Razões de Veto ao Projeto de Lei nº 1422/95

OF ATL nº 005/04

Senhor Presidente

Tenho a honra de acusar o recebimento do Ofício nº 18/Leg.3/0753/2003, pelo qual Vossa Excelência encaminhou à sanção cópia autêntica da Lei decretada por essa Egrégia Câmara, relativa ao Projeto de Lei nº 1422/95, de autoria do Vereador Wadih Mutran, que permite ao Executivo destinar 10% (dez por cento) de todas as casas da COHAB e do Projeto Cingapura, já construídas no Município de São Paulo, aos policiais civis e militares que residem em favelas.

Não obstante os meritórios propósitos de que se imbuiu seu ilustre autor, impõe-se o veto total ao texto aprovado, com fundamento no §1º do artigo 42 da Lei Orgânica do Município de São Paulo, por inconstitucionalidade, ilegalidade e contrariedade ao interesse público, na conformidade das razões a seguir aduzidas.

O estabelecimento de critério de prioridade baseado exclusivamente na profissão da pessoa a ser beneficiada, como pretende a propositura, é inconstitucional por ferir o princípio da isonomia, impregnado em toda a Carta de 1988, na medida que constitui substrato de inúmeros de seus preceitos, como, por exemplo, a proibição de qualquer forma de discriminação (art. 3º, inciso IV) e a vedação de instituir tratamento desigual entre contribuintes (art. 150, inciso II). Não satisfeito com essas alusões pontuais ao princípio da isonomia, o constituinte houve por bem consagrá-lo expressamente no “caput” do artigo 5º do texto constitucional.

Sobre a questão, preleciona o insígne jurista CELSO ANTONIO BANDEIRA DE MELLO, in O CONTEÚDO JURÍDICO DO PRINCÍPIO DA IGUALDADE, Editora Revista dos Tribunais – 1978, ao tratar especificamente da correlação lógica entre fator de discrímen e a desequiparação procedida:

“O ponto nodular para exame da correção de um a regra em face do princípio isonômico reside na existência ou não de correlação lógica entre o fator erigido em critério de discrímen e a discriminação legal decidida em função dele”. (pág. 47)

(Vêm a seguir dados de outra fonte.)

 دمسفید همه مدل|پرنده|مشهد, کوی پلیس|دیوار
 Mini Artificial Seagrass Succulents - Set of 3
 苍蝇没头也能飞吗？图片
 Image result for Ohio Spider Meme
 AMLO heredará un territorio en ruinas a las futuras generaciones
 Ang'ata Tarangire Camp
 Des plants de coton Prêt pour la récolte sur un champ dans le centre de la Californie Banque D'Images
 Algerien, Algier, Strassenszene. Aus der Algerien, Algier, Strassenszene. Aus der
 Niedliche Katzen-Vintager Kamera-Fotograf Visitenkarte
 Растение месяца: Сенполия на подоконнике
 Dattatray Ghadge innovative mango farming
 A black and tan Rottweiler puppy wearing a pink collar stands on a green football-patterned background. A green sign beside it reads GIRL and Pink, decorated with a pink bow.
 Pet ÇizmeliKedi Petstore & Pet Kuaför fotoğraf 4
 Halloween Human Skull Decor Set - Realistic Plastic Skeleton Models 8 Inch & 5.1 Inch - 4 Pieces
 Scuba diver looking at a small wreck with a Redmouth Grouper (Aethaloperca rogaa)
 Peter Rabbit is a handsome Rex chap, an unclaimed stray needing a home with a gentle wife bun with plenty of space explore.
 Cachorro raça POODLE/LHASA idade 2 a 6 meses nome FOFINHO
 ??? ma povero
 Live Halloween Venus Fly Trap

“Em outras palavras: a discriminação não pode ser gratuita ou fortuita. Impende que exista uma adequação racional entre o tratamento diferençado construído e a razão diferencial que lhe serviu de supedâneo. Segue-se que se o fator diferencial não guardar conexão lógica com a disparidade de tratamentos jurídicos dispensados a distinção estabelecida afronta o princípio da isonomia”. (pág. 49)

“Em síntese: a lei não pode conceder tratamento específico, vantajoso ou desvantajoso, em atenção a traços e circunstâncias peculiarizadoras de uma categoria de indivíduos se não houver adequação racional entre o elemento diferencial e o regime dispensado aos que se inserem na categoria diferençada”. (pág. 50)

A propositura, aparentemente autorizativa, e só por isso já merecedora de veto, por inócua, em verdade busca impor obrigação ao Executivo, visando o projeto de lei sobre matéria de cunho exclusivamente administrativo. Nesse sentido, ao prever a destinação de 10% todas as casas da COHAB e do Projeto Cingapura, já construídas, a medida interfere diretamente na Política Municipal de Habitação instituída pela Lei nº 11.632, de 22 de julho de 1994, com as alterações da Lei nº 13.509, de 10 de janeiro de 2003, em conformidade com o artigo 168 da Lei Orgânica do Município de São Paulo.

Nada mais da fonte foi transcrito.